48年7月、財団法人日本繊維経済研究所として設立された当社の前身が、月3回発行のタブロイド版「繊維ニュース解説」を発行したのが49年9月のことです。50年には「繊維相場速報」に紙名を改め、日刊紙の発行を始めました。52年には「繊研速報」と改題、53年にタブロイド版から大判となりました。そして、今の繊研新聞となったのが59年4月、紙齢2776号からです。

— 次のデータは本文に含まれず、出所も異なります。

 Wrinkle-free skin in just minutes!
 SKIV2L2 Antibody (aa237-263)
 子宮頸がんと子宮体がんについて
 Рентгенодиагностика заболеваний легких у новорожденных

問屋向けの相場速報情報紙からスタートし、繊研新聞となってからは、合繊産業、量販店、アパレル、小売りなどの業界の発展と共に歩んできました。この間、量販店が台頭し始めた60年代初頭には「流通革命キャンペーン」を紙面で展開。70年代に入って「ファッションビジネスへの挑戦」の長期連載を掲載、当時まだ聞きなれなかった「ファッションビジネス」という言葉の定着に貢献したと自負しています。

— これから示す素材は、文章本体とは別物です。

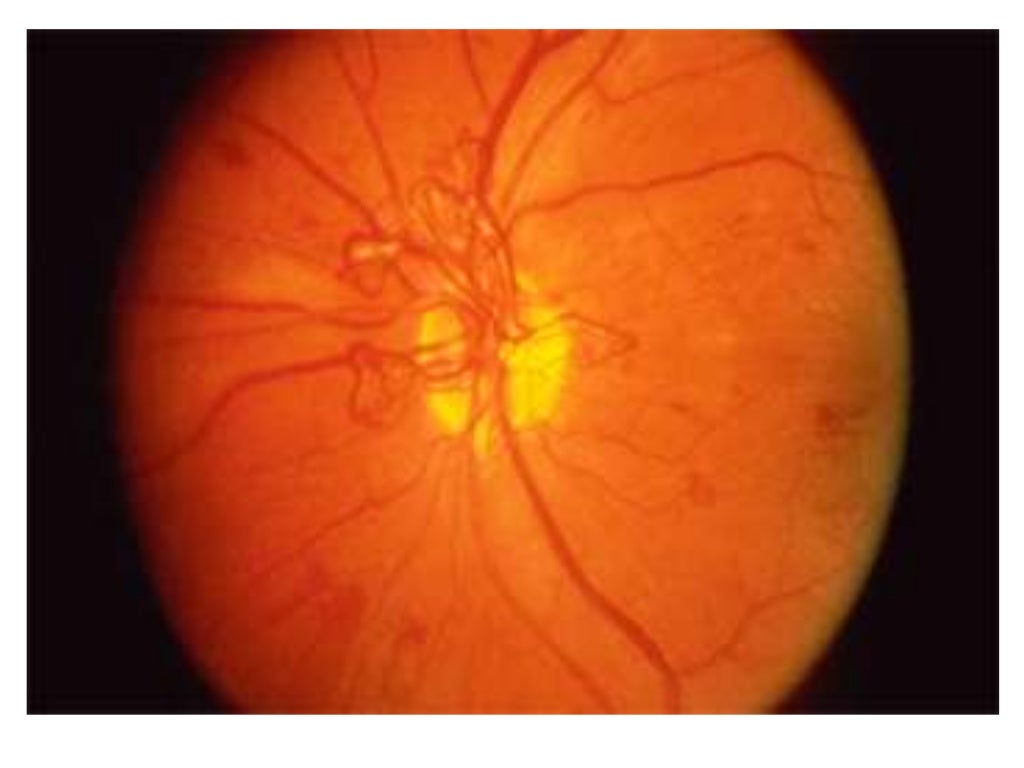 Ophthalmoscopy Review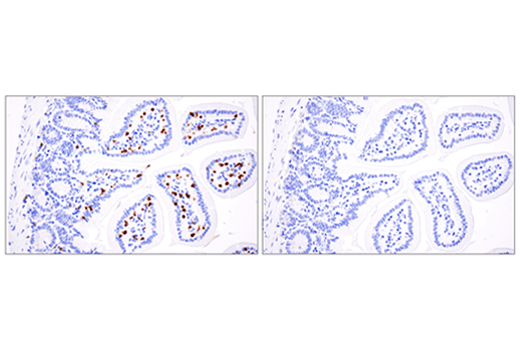 Immunohistochemistry Image 4: CD3ε (E4T1B) XP<sup>®</sup> Rabbit mAb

さらに、85年のプラザ合意後の円高以降、大波として打ち寄せてきた国際化、グローバル化の時代を捉え、88年には「ファッションビジネス成長の条件-際(きわ)がなくなる」の連載を約半年間掲載。欧米各国のファッションビジネスの最先端の取材を通じ、ボーダーレス化の到来や製造から小売りまでを一貫化するSPA(製造小売)業態の台頭など、新たな時代の幕開けを告げる報道に取り組みました。
ファッションビジネス業界は、今また大きな変革の時期を迎えています。消費者の購買意識は大きく変化、多様化し、AI(人工知能)やIoT(モノのインターネット)は、生産からマーケティング、物流、販売のあり方の変革をもたらしています。人口減、労働力不足、訪日外国人の急増、SDGs(国連の持続可能な開発目標)やエシカル(倫理的)、CSR(企業の社会的責任)、サステイナビリティー(持続可能性)などは産業の発展、企業経営にとって重要なファクターになっています。
繊研新聞社では、こうした変化とこれへの対応を「ファッションビジネス革命前夜」というテーマで、70周年である18年の紙面キャンペーンを行っています。解を求めることは簡単ではありませんが、繊維、ファッションビジネス業界の皆様と共に業界の発展の道を探求していく所存です。
正確で迅速な情報、業界の今を映し、先が見える情報、お役に立つ情報の報道にいっそう力を注ぎます。
繊研新聞本紙、そして昨年スタートしました繊研新聞電子版に、今後も変わらぬご愛顧をよろしくお願い致します。